Monday, Mar. 01, 1943

The Pure in Heart

THE HUMAN COMEDY -- William Saroyan--Harcourt, Brace ($2.75).

A lot of people have wondered whether William Saroyan had it in him to write a whole, continuous novel. The Human Comedy, though it inevitably leaves its grandiloquent title looking like a half-inflated blimp, is a very nice novel indeed. It is, unfortunately, too nice to be as good, as it might have been if Saroyan were capable not only of goodness but of a concern with evil.

The Human Comedy is the story of a happy family in a small town in wartime. It is William Saroyan saying that life is not only worth living, fighting and dying for, but can be an almost unmitigated pleasure. As Mrs.
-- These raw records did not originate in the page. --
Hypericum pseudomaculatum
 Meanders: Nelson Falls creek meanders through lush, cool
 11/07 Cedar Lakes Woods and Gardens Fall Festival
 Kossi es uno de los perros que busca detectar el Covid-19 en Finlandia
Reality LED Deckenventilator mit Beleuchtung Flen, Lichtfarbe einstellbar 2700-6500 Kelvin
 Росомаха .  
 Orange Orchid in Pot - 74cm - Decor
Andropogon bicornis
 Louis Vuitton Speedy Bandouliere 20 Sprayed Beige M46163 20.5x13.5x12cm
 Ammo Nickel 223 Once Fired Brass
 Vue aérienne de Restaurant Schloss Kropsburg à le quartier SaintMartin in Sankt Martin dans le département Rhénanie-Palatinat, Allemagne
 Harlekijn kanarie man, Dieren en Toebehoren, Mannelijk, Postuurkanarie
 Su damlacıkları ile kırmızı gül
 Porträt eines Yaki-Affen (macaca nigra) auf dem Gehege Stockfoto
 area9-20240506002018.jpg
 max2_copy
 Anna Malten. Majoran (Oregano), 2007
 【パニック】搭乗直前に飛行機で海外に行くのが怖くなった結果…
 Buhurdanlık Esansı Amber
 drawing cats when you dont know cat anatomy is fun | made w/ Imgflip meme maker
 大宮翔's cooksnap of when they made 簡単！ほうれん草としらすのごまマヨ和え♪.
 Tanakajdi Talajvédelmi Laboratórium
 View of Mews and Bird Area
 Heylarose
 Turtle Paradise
Macauley tells her son Homer, if the world seems to a man "richly sad and full of beauty, it's the man himself so, and not the things around him. And so it is, if it's bad, or ugly, or pathetic --it is always the man himself, and each man is the world."

Homer, at 14, runs into little which might obstruct his capacity for love. At the telegraph office where he works, the manager is incapable of disliking anything, and the operator, Grogan, soaks away in whiskey the sadness of the messages he gives & takes. Homer's history teacher talks to him with a democratic wisdom and kindness which, if it were true of teaching in general, would long ago have left nations incapable of war. On the job, to be sure, Homer has to carry messages of death in war to mothers in the town, and in these more complicated scenes Saroyan is deeply affecting. Homer finally gets such a message for his own mother. His dead brother's crippled, discharged comrade at arms brings the book to a precarious yet beautiful ending.

Little brother Ulysses, meanwhile, has made himself, in his four-year-old wanderings, the most delicately engaging character in the book. Saroyan seldom manages to embody emotions, but his lyric talent can brilliantly suggest even very subtle ones: Ulysses waving to a singing Negro on a passing freight; or handing his mother an egg as importantly as if it were the Eucharist; or, with a half-witted friend, scanning the books in the Public Library; or, before a robot in a shopwindow, first realizing death.

Saroyan shapes such moments in words of almost primer lucidity. Among his still-pursuing faults are glints of Tarkingtonian facetiousness, sometimes boring and unreal sententiousness, excessive sentiment. His essential limitation--which is also his cardinal virtue--is perhaps incurable. That is his chronic ecstasy, his almost Franciscan loving kindness and optimism. It clearly transfigures the world for him and, for a time, is bound to. transfigure any sympathetic reader. Saroyan is one of the few contemporary writers who can articulate, in terms of common life, the indispensable text, Blessed are the pure in heart; for they shall see God. The pity of it is that they are seldom able to see, very clearly, the devil and the man caught in the middle.